Ecco come i “Walliser” divennero “Walser”. Questa colonizzazione favorì un consolidamento dei diritti feudali, un’espansione di terreno coltivabile e l’aumento della popolazione così come il controllo e il mantenimento dei passi alpini. Come ricompensa per questa attività colonizzatrice a difficili condizioni i Walser ottennero diversi diritti e libertà a quell`epoca esclusivi: la piena libertà personale, il diritto alla formazione di propri comuni giudiziari e il diritto del libero affitto ereditario con il quale i coloni ricevevano il possesso perpetuo delle terre. Nel 12° e 13° secolo il clima relativamente mite favorì le migrazioni dei Walser. I loro sentieri portavano a Nord nell’Oberland bernese, ad ovest nel Chablais francese ma soprattutto a Sud, negli alpeggi italiani più elevati, nel Pomatt e nelle valli meridionali del Monte Rosa a Gressoney, Alagna, Rimella e Macugnaga, Rima e Ornavasso. Quasi subito i gruppi dei coloni di lingua tedesca migrarono a ondate successive verso est per insediarsi a Rätien (Rezia), nell’Oberland grigionese, nel Rheinland (Val di Reno) e nella valle del “Landwasser” presso Davos.

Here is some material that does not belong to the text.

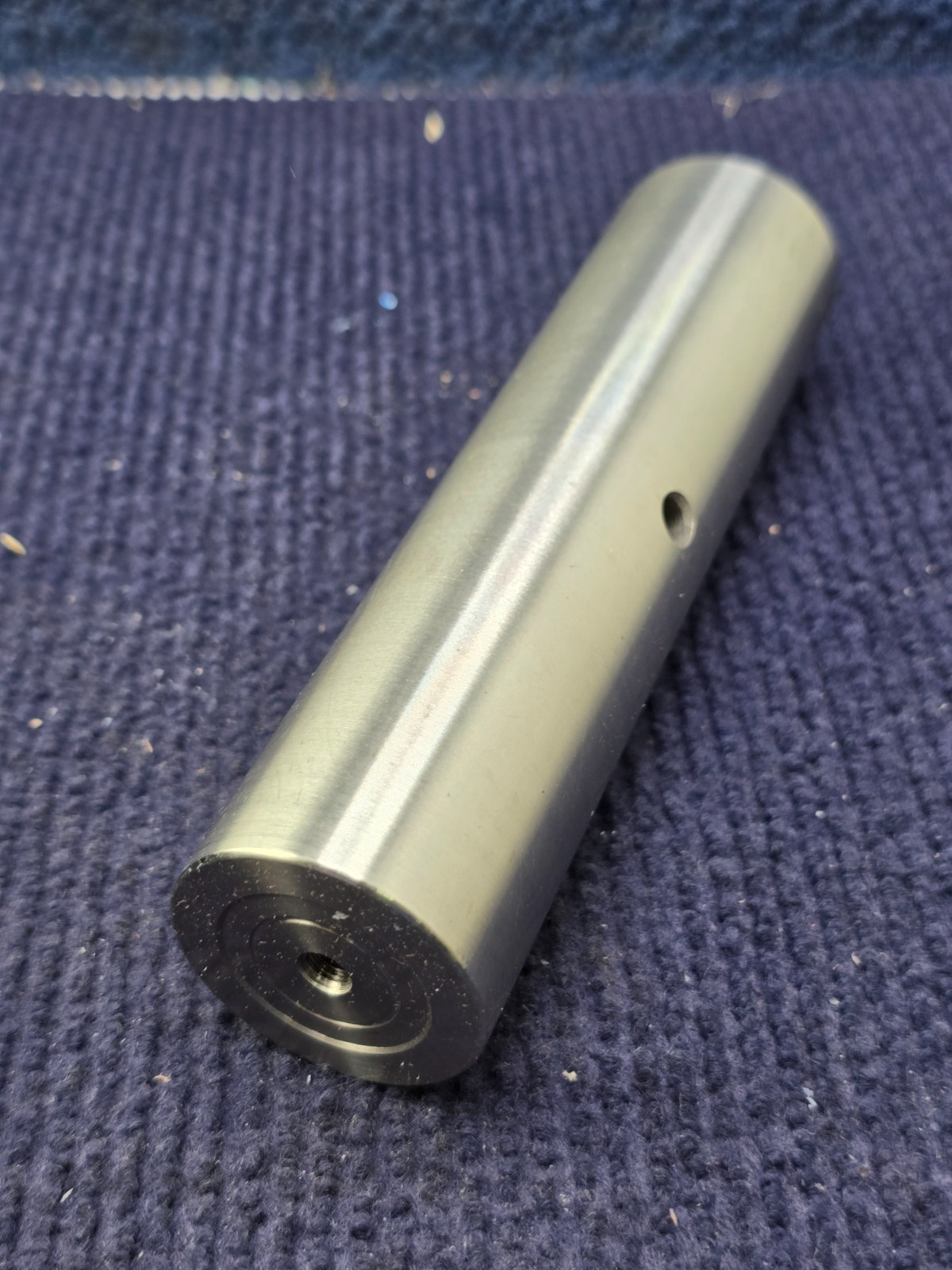 Thorlabs P150/M Stainless Steel Optical Mounting Post 1.5″ Diameter x 6″ Length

Dei primi gruppi di coloni alcuni si spostarono nelle valli vicine. Quando i Walser nel 13° e 14° secolo giunsero nella loro nuova patria, le superfici edificabili e coltivabili erano già occupate dagli abitanti residenti da molto tempo, in maggioranza Romani. Così ai Walser non rimanevano che le regioni montagnose e inospitali, spesso al di sopra dei 1.500 m. Qui era poco il terreno pianeggiante, idoneo alla nascita di un paese. Vivendo a questa altitudine ed essendo i Walser in gran parte allevatori di bestiame, erano costretti a costruire le loro case isolate come singole fattorie disperse sulle montagne; questo per avere molto terreno attorno alla casa che permettesse loro la raccolta di fieno sufficiente per nutrire il bestiame. Dove la situazione topografica non permetteva una tale espansione, come a Rima, Bosco Gurin o nel Rheinwald, sorgevano villaggi chiusi.

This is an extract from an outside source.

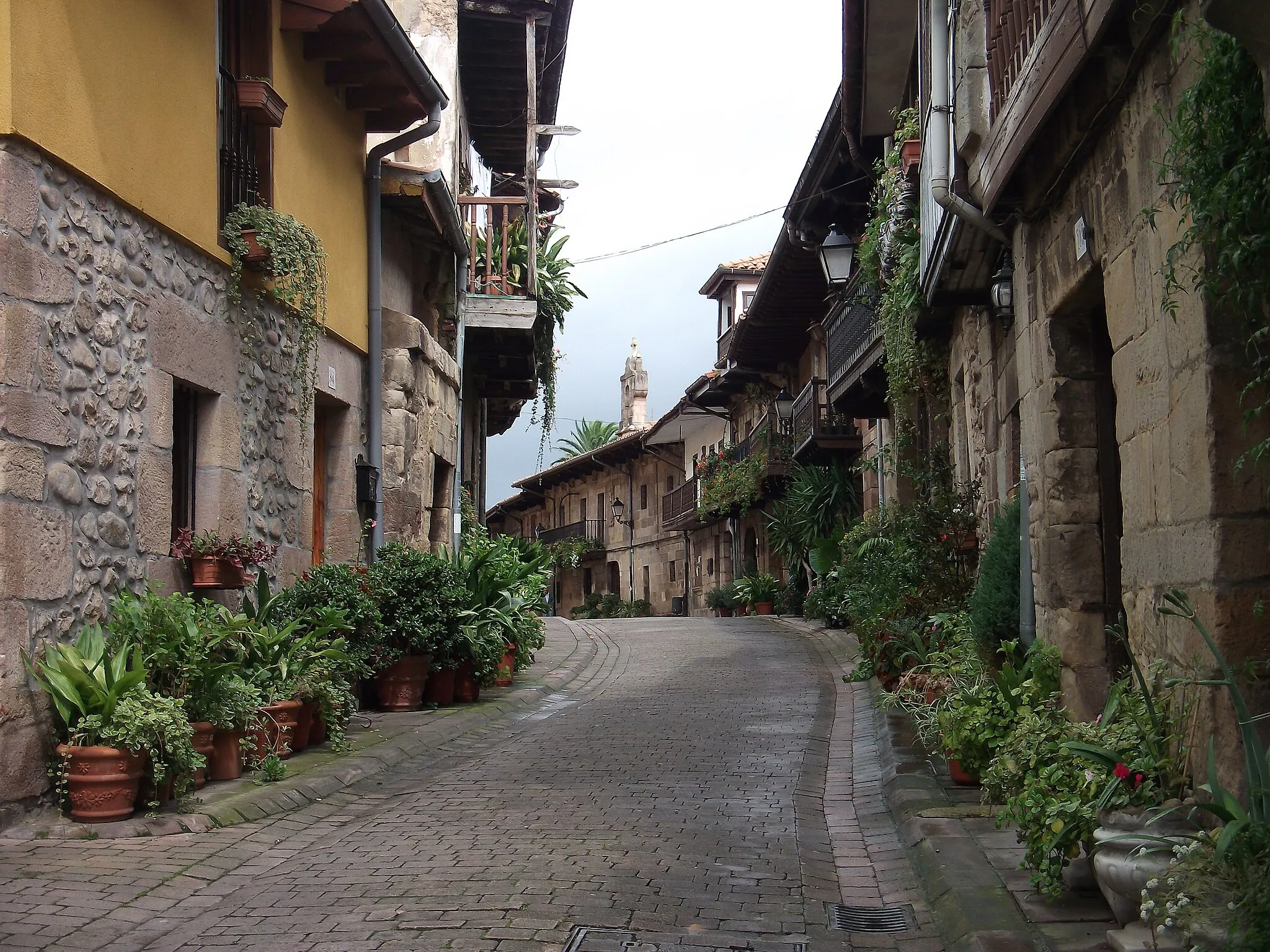 Photo showing: Conjunto histórico artístivo de Riocorvo, Cantabria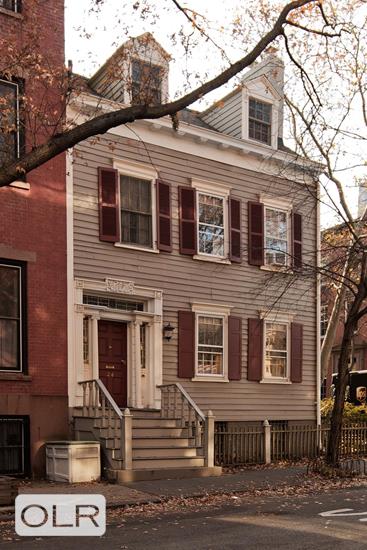 24 Middagh Street Brooklyn Heights Brooklyn NY 11201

Le condizioni ambientali costrinsero la gente a costruire solide abitazioni, adatte al difficile ambiente dell’alta montagna. Predominante negli edifici è il legno, ma “la casa walser” in verità non esiste affatto, dato che quest’ultima può mutare con il mutare dell`insediamento. Così possiamo dire che esistono diverse tipologie di costruzioni walser per cui erano principalmente usati materiali disponibili nei dintorni. La casa delle colonie costruita a Sud del Monte Rosa, soprattutto a Gressoney o Alagna, è una casa con minore disponibilità di spazio. Sotto lo stesso tetto ci sono uomini, animali, stalle, cucine e granai. La casa che incontriamo nei Grigioni e nel Vorarlberg invece ha gli edifici agricoli separati dall’abitazione. La superficie abitabile, in legno e generalmente disposta verso valle, comprende la “Stube” - il salotto - e le stanze, mentre la cucina in pietra è addossata sul retro.

Bloc Notes




Bloc Notes

       
DOVE MANGIARE

La polenta è d’obbligo se no che razza di gita in montagna sarebbe. Noi l’abbiamo mangiata accompagnata da un brasatino al rifugio città di Marnate, a Monte Moro, ma se volete restare in paese potete sedervi alla Taverna del Rosa, di fronte alla partenza della funivia, tel. 0324/65289. In paese c’è comunque un’ampia scelta di locali nei quali gustare i piatti tipici della valle. Se poi si vuole prolungare il piacere, basta portarsi a casa un po’ di formaggi e salumi svaligiando uno de  tanti negozi di alimentari che si incontrano sulla strada.

DOVE DORMIRE

Questa è una gita che si può benissimo effettuare in giornata. La cosa migliore sarebbe però preventivare un week end per potersi permettere almeno una delle infinite escursioni che partono da Macugnaga. In questo caso, a patto di non decidere di muoversi nel pieno della stagione estiva, quando la popolazione della località triplica e gli alberghi traboccano, si può trovare un sistemazione che spazia dall’albergo a tre stelle (con pensione completa a partire da 40 euro al giorno) al campeggio. Una soluzione alternativa e pittoresca può essere il rifugio: si rinuncia a un po’ di comfort ma la ricompensa in termini di pathos vale il “sacrificio”.